#### What needs to be done
Below are the entries; give again exactly the lines from the one mentioning "En 24 horas hubo dos femicidios en Córdoba" through the one mentioning "Apartman 21 Umag Exterior foto", inclusive.

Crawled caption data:

• • •

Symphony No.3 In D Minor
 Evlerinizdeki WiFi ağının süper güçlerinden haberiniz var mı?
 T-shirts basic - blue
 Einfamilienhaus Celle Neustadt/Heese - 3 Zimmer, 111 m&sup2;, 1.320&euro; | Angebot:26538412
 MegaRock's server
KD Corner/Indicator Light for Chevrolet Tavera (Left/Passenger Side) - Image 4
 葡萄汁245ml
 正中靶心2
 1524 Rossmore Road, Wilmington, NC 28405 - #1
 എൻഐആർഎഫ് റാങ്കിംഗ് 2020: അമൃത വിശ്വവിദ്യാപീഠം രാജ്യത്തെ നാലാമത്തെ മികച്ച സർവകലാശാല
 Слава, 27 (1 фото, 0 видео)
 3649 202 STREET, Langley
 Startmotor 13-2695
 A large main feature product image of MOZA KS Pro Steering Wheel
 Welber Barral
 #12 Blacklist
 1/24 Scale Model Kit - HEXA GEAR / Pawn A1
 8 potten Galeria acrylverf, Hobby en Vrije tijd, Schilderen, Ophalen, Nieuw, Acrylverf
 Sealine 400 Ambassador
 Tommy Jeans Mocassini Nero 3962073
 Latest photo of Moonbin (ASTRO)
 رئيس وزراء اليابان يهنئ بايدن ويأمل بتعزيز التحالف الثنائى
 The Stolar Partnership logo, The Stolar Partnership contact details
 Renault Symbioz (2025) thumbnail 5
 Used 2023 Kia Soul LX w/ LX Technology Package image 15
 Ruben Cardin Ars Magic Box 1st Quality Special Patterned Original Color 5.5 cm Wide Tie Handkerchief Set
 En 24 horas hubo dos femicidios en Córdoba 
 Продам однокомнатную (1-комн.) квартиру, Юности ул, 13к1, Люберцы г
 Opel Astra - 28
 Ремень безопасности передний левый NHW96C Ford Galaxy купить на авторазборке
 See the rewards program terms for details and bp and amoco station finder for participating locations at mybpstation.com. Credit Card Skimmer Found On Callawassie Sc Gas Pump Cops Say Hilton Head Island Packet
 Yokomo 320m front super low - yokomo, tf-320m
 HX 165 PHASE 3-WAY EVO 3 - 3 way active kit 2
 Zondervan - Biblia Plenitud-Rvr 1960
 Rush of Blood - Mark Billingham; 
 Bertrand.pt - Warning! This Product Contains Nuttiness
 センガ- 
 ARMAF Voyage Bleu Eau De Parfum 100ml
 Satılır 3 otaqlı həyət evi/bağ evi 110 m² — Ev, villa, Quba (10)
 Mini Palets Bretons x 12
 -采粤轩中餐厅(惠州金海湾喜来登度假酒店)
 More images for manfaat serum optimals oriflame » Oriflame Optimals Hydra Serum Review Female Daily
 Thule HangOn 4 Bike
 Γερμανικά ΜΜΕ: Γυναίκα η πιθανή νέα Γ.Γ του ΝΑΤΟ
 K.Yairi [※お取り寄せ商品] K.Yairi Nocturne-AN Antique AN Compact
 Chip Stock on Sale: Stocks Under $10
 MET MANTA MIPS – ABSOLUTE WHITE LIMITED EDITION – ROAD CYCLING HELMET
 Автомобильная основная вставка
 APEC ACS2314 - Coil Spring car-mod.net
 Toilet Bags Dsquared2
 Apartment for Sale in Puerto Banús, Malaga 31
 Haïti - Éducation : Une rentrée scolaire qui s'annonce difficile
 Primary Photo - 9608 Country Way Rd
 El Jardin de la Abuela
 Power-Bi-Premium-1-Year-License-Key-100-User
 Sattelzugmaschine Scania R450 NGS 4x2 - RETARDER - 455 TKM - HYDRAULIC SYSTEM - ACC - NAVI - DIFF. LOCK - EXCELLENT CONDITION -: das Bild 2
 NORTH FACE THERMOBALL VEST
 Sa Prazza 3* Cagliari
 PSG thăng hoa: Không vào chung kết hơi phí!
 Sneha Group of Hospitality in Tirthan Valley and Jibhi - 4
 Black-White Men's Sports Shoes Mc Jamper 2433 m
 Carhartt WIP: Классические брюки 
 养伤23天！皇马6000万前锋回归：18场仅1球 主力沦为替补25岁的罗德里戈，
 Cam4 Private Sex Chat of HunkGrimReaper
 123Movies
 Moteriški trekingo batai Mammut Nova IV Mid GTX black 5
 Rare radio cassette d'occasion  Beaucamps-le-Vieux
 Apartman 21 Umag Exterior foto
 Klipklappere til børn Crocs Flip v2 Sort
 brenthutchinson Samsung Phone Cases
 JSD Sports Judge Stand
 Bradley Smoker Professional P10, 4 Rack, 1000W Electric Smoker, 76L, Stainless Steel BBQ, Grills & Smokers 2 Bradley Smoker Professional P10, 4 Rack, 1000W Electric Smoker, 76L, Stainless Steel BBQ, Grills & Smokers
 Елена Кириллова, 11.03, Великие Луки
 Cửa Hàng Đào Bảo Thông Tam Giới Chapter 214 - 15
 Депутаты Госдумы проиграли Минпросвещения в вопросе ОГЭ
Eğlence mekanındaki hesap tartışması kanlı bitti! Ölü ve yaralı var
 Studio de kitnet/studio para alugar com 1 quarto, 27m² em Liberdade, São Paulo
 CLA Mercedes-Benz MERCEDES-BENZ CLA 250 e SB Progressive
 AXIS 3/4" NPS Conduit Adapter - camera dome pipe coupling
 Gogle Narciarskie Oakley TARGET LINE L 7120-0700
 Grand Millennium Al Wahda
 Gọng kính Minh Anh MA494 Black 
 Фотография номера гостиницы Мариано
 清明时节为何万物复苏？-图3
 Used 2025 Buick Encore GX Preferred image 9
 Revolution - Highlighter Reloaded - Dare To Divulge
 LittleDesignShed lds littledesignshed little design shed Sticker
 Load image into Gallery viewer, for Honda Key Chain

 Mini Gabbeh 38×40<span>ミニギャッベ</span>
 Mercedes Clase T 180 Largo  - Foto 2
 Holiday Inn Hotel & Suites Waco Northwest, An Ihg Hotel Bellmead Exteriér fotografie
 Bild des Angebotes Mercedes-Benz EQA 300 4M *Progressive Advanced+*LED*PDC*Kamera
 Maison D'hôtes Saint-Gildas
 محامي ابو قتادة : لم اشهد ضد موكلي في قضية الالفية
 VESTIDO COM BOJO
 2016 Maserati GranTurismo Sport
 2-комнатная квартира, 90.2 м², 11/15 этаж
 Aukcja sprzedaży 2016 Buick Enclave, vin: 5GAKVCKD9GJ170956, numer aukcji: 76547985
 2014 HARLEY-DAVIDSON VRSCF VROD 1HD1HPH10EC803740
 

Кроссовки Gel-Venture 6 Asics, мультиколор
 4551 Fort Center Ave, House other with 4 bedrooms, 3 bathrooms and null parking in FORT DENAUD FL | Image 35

• • •

#### Exercise response
 En 24 horas hubo dos femicidios en Córdoba 
 Продам однокомнатную (1-комн.) квартиру, Юности ул, 13к1, Люберцы г
 Opel Astra - 28
 Ремень безопасности передний левый NHW96C Ford Galaxy купить на авторазборке
 See the rewards program terms for details and bp and amoco station finder for participating locations at mybpstation.com. Credit Card Skimmer Found On Callawassie Sc Gas Pump Cops Say Hilton Head Island Packet
 Yokomo 320m front super low - yokomo, tf-320m
 HX 165 PHASE 3-WAY EVO 3 - 3 way active kit 2
 Zondervan - Biblia Plenitud-Rvr 1960
 Rush of Blood - Mark Billingham; 
 Bertrand.pt - Warning! This Product Contains Nuttiness
 センガ- 
 ARMAF Voyage Bleu Eau De Parfum 100ml
 Satılır 3 otaqlı həyət evi/bağ evi 110 m² — Ev, villa, Quba (10)
 Mini Palets Bretons x 12
 -采粤轩中餐厅(惠州金海湾喜来登度假酒店)
 More images for manfaat serum optimals oriflame » Oriflame Optimals Hydra Serum Review Female Daily
 Thule HangOn 4 Bike
 Γερμανικά ΜΜΕ: Γυναίκα η πιθανή νέα Γ.Γ του ΝΑΤΟ
 K.Yairi [※お取り寄せ商品] K.Yairi Nocturne-AN Antique AN Compact
 Chip Stock on Sale: Stocks Under $10
 MET MANTA MIPS – ABSOLUTE WHITE LIMITED EDITION – ROAD CYCLING HELMET
 Автомобильная основная вставка
 APEC ACS2314 - Coil Spring car-mod.net
 Toilet Bags Dsquared2
 Apartment for Sale in Puerto Banús, Malaga 31
 Haïti - Éducation : Une rentrée scolaire qui s'annonce difficile
 Primary Photo - 9608 Country Way Rd
 El Jardin de la Abuela
 Power-Bi-Premium-1-Year-License-Key-100-User
 Sattelzugmaschine Scania R450 NGS 4x2 - RETARDER - 455 TKM - HYDRAULIC SYSTEM - ACC - NAVI - DIFF. LOCK - EXCELLENT CONDITION -: das Bild 2
 NORTH FACE THERMOBALL VEST
 Sa Prazza 3* Cagliari
 PSG thăng hoa: Không vào chung kết hơi phí!
 Sneha Group of Hospitality in Tirthan Valley and Jibhi - 4
 Black-White Men's Sports Shoes Mc Jamper 2433 m
 Carhartt WIP: Классические брюки 
 养伤23天！皇马6000万前锋回归：18场仅1球 主力沦为替补25岁的罗德里戈，
 Cam4 Private Sex Chat of HunkGrimReaper
 123Movies
 Moteriški trekingo batai Mammut Nova IV Mid GTX black 5
 Rare radio cassette d'occasion  Beaucamps-le-Vieux
 Apartman 21 Umag Exterior foto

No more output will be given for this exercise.